Exercise inputs below:

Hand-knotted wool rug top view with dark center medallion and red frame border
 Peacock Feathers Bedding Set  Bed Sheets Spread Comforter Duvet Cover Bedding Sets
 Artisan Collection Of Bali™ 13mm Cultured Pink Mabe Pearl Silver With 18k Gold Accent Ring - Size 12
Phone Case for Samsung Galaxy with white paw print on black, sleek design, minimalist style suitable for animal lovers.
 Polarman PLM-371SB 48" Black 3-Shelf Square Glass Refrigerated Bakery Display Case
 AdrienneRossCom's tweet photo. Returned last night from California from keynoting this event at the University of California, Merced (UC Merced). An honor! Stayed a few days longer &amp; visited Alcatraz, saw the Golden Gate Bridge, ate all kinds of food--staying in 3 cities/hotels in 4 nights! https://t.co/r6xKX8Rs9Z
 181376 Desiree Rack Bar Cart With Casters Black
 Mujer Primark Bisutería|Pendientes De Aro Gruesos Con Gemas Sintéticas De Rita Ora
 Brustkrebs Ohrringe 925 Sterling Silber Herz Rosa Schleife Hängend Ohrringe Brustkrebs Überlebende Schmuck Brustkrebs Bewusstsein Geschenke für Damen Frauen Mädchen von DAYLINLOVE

End of Exercise inputs.

→ Your goal: Please repeat every record above word for word.

→ Output:
Hand-knotted wool rug top view with dark center medallion and red frame border
 Peacock Feathers Bedding Set  Bed Sheets Spread Comforter Duvet Cover Bedding Sets
 Artisan Collection Of Bali™ 13mm Cultured Pink Mabe Pearl Silver With 18k Gold Accent Ring - Size 12
Phone Case for Samsung Galaxy with white paw print on black, sleek design, minimalist style suitable for animal lovers.
 Polarman PLM-371SB 48" Black 3-Shelf Square Glass Refrigerated Bakery Display Case
 AdrienneRossCom's tweet photo. Returned last night from California from keynoting this event at the University of California, Merced (UC Merced). An honor! Stayed a few days longer &amp; visited Alcatraz, saw the Golden Gate Bridge, ate all kinds of food--staying in 3 cities/hotels in 4 nights! https://t.co/r6xKX8Rs9Z
 181376 Desiree Rack Bar Cart With Casters Black
 Mujer Primark Bisutería|Pendientes De Aro Gruesos Con Gemas Sintéticas De Rita Ora
 Brustkrebs Ohrringe 925 Sterling Silber Herz Rosa Schleife Hängend Ohrringe Brustkrebs Überlebende Schmuck Brustkrebs Bewusstsein Geschenke für Damen Frauen Mädchen von DAYLINLOVE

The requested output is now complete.